In the fall of 1978, I dropped out of college after a lengthy seven week stay, and moved back home. The plan was to enroll at a local branch campus in the winter, but my dad was very clear, “If you’re going to do nothing you can’t do it here!” So I got a job at a junkyard. The joke was it paid a dollar per hour and all you could eat, but looking back on my time at this mecca of swill, there were lessons I will long remember.
1. There are good people everywhere. From the first day until my glorious final punch of the time clock there were several men who treated me well. Though I was much younger and came from a different world, Calvin, Hubert, Kenny and Big J.D. welcomed me with open arms. They could have ignored me or even been abusive, but instead they allowed me to become one of the guys.
2. Humility comes in many forms. During my stint at Folsom, oh I mean the junkyard, no one called me by my name. My grandfather had worked there for many years as a crane operator, though he had retired by the time I was hired. He had certainly left quite an impression and thus, my name was no longer Danny, it was “The Old Man’s kid”. When you spend day after day, week after week not knowing if anyone knows your name, it can be quite humbling.

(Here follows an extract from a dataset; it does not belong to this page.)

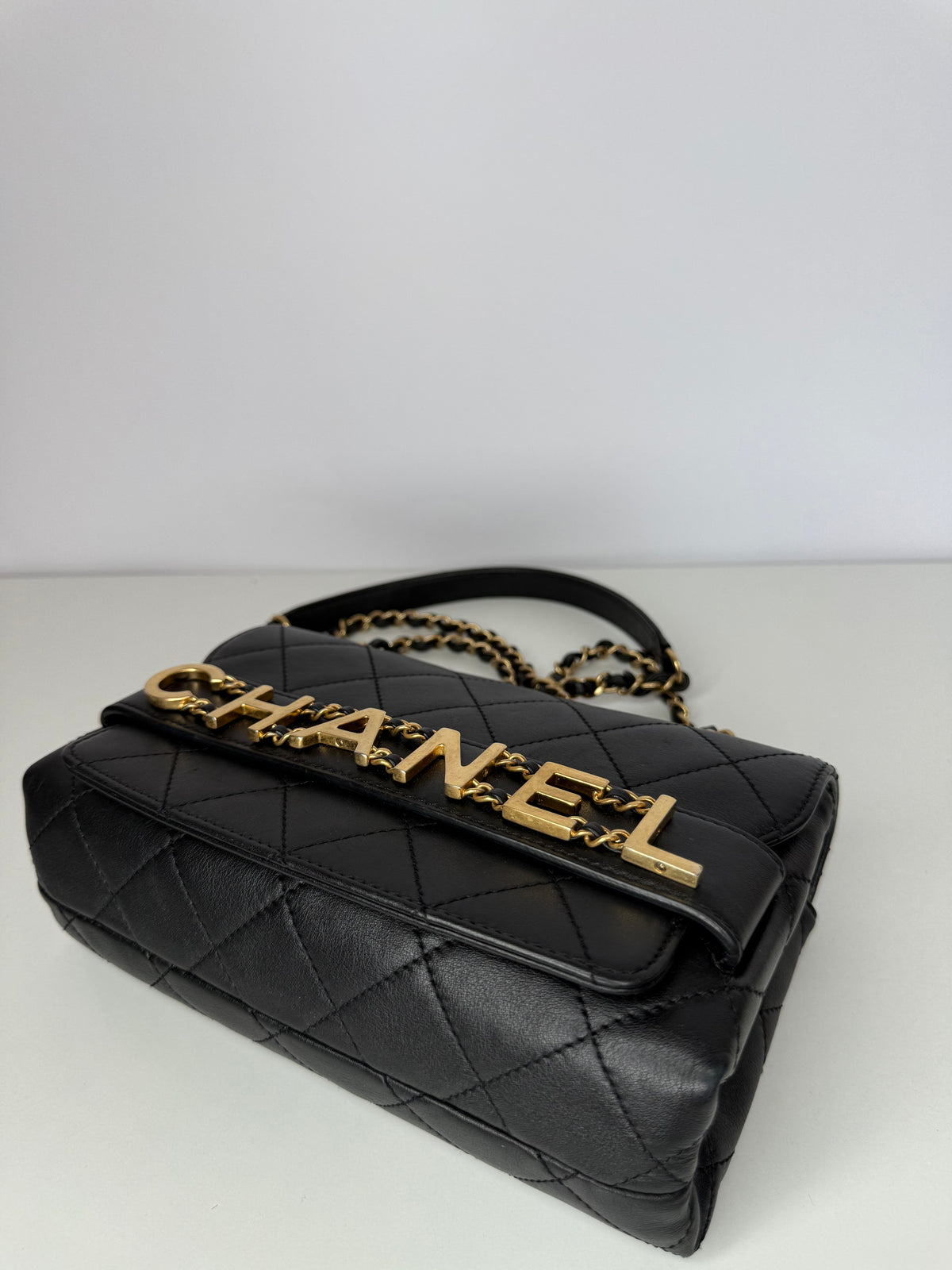 Chanel Logo Enchained Black Quilted Calfskin Flap Bag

3. Lessons are best learned the hard way. After a couple of months honing my craft of baling aluminum and paper, I went to the president of the company and asked if I could stay on the job after Christmas. Remember the original plan? Start back to school in the winter! In my mind everything had changed. I was making a few bucks and pulling my own weight in this world. College seemed like a waste of time. I dreamed of becoming the King of Trash! The president was an Ivy League graduate who asked me, “Is this really what you want to do?” “Oh yes”, I replied. He told me that I could work there as long as I wanted and would always have a job with him. Later that afternoon the President called me over the loud speaker and summonsed me to his office. “Danny, get the bat, go to the hill (a mountain of trash and metal taller than the building I worked in) and find as many radiators as you can.” What was the bat for? Rats!!!! All morning I slung radiators off the hill. In the middle of the stench, garbage and rats I realized that college was a pretty good option.
Pain got my attention. Sometimes God allows pain to come into our lives to teach us the greater good of our faith. If you have never went through the valleys of life how could you appreciate the goodness of His Grace?
In I Peter 1:7 it says “These trials are only to test your faith, to show that it is strong and pure. It is being tested as fire tests and purifies gold -- and your faith is far more precious to God than mere gold. So if your faith remains strong after being tried by fiery trials, it will bring you much praise and glory and honor on the day when Jesus Christ is revealed to the whole world.”
I was once asked if I wanted to be called Reverend, Pastor, Father or Brother? I so wanted to respond, just call me “The Old Man’s kid!”